How reliable is PostgreSQL in *preventing* rows duplicate primary keys to be inserted? I am not using any table inheritance and the db is ver 8.1.1 from Debian Etch. The db is used by a PHP app.


TIA.

--
Jason Tan Boon Teck

Re: Duplicate primary keys

From
Tom Lane
Date:
"Jason Tan Boon Teck" <tanboonteck@gmail.com> writes:
> How reliable is PostgreSQL in *preventing* rows duplicate primary keys to be
> inserted?

When we find such a bug, we fix it ...

> I am not using any table inheritance and the db is ver 8.1.1

... but those fixes don't help people who are running ancient releases.
There are multiple data-corruption bugs fixed in the 8.1 branch since
8.1.1, including at least one that might explain your problem:

2007-03-14 14:48  tgl

    * src/backend/commands/: vacuum.c (REL7_3_STABLE), vacuum.c
    (REL7_4_STABLE), vacuum.c (REL8_1_STABLE), vacuum.c
    (REL8_0_STABLE), vacuum.c (REL8_2_STABLE), vacuum.c: Fix a
    longstanding bug in VACUUM FULL's handling of update chains.  The
    code did not expect that a DEAD tuple could follow a RECENTLY_DEAD
    tuple in an update chain, but because the OldestXmin rule for
    determining deadness is a simplification of reality, it is possible
    for this situation to occur (implying that the RECENTLY_DEAD tuple
    is in fact dead to all observers, but this patch does not attempt
    to exploit that).  The code would follow a chain forward all the
    way, but then stop before a DEAD tuple when backing up, meaning
    that not all of the chain got moved.  This could lead to copying
    the chain multiple times (resulting in duplicate copies of the live
    tuple at its end), or leaving dangling index entries behind (which,
    aside from generating warnings from later vacuums, creates a risk
    of wrong query results or bogus duplicate-key errors once the heap
    slot the index entry points to is repopulated).

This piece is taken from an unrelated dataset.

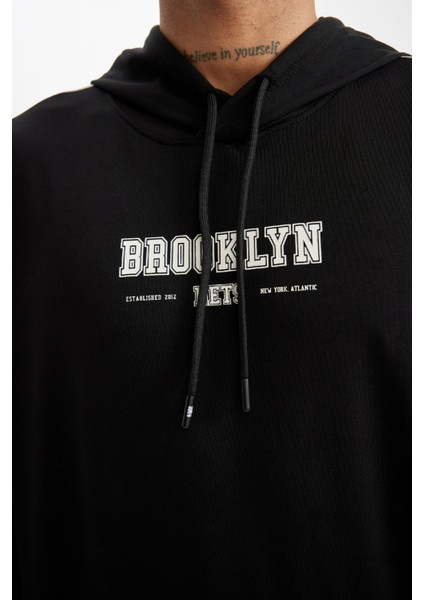 DeFactoFit Siyah NBA Brooklyn Nets Comfort Fit Kapüşonlu Sweatshirt C9252AX24AU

    The fix is to recheck HeapTupleSatisfiesVacuum while following a
    chain forward, and to stop if a DEAD tuple is reached.    Each
    contiguous group of RECENTLY_DEAD tuples will therefore be copied
    as a separate chain.  The patch also adds a couple of extra sanity
    checks to verify correct behavior.

    Per report and test case from Pavan Deolasee.

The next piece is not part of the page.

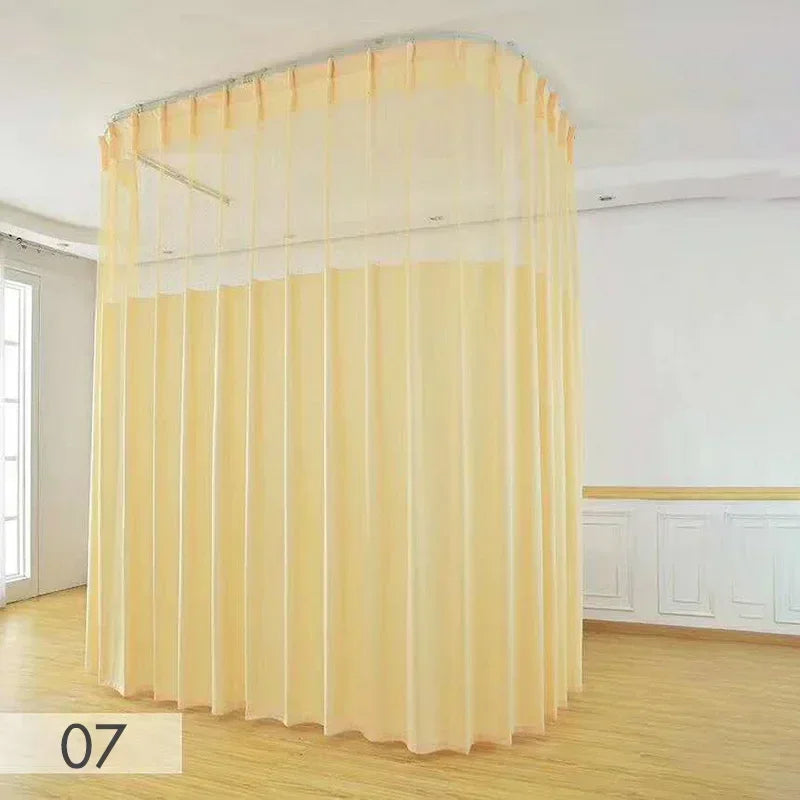 rideau séparation médical tissu plissé bleu vert rose jaune blanc opacité transparente tringle métal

The current release in that branch is 8.1.11.  I recommend updating
and reindexing.

            regards, tom lane

Re: Duplicate primary keys

From
"Jason Tan Boon Teck"
Date:
I will make an upgrade on my next opportunity.

Thanks, Tom.

jason

On Jan 18, 2008 11:22 AM, Tom Lane <tgl@sss.pgh.pa.us> wrote:
"Jason Tan Boon Teck" < tanboonteck@gmail.com> writes:
> How reliable is PostgreSQL in *preventing* rows duplicate primary keys to be
> inserted?

When we find such a bug, we fix it ...

> I am not using any table inheritance and the db is ver 8.1.1

... but those fixes don't help people who are running ancient releases.
There are multiple data-corruption bugs fixed in the 8.1 branch since
8.1.1, including at least one that might explain your problem:

2007-03-14 14:48  tgl

       * src/backend/commands/: vacuum.c (REL7_3_STABLE), vacuum.c
       (REL7_4_STABLE), vacuum.c (REL8_1_STABLE), vacuum.c
       (REL8_0_STABLE), vacuum.c (REL8_2_STABLE), vacuum.c: Fix a
       longstanding bug in VACUUM FULL's handling of update chains.  The
       code did not expect that a DEAD tuple could follow a RECENTLY_DEAD
       tuple in an update chain, but because the OldestXmin rule for
       determining deadness is a simplification of reality, it is possible
       for this situation to occur (implying that the RECENTLY_DEAD tuple
       is in fact dead to all observers, but this patch does not attempt
       to exploit that).  The code would follow a chain forward all the
       way, but then stop before a DEAD tuple when backing up, meaning
       that not all of the chain got moved.  This could lead to copying
       the chain multiple times (resulting in duplicate copies of the live
       tuple at its end), or leaving dangling index entries behind (which,
       aside from generating warnings from later vacuums, creates a risk
       of wrong query results or bogus duplicate-key errors once the heap
       slot the index entry points to is repopulated).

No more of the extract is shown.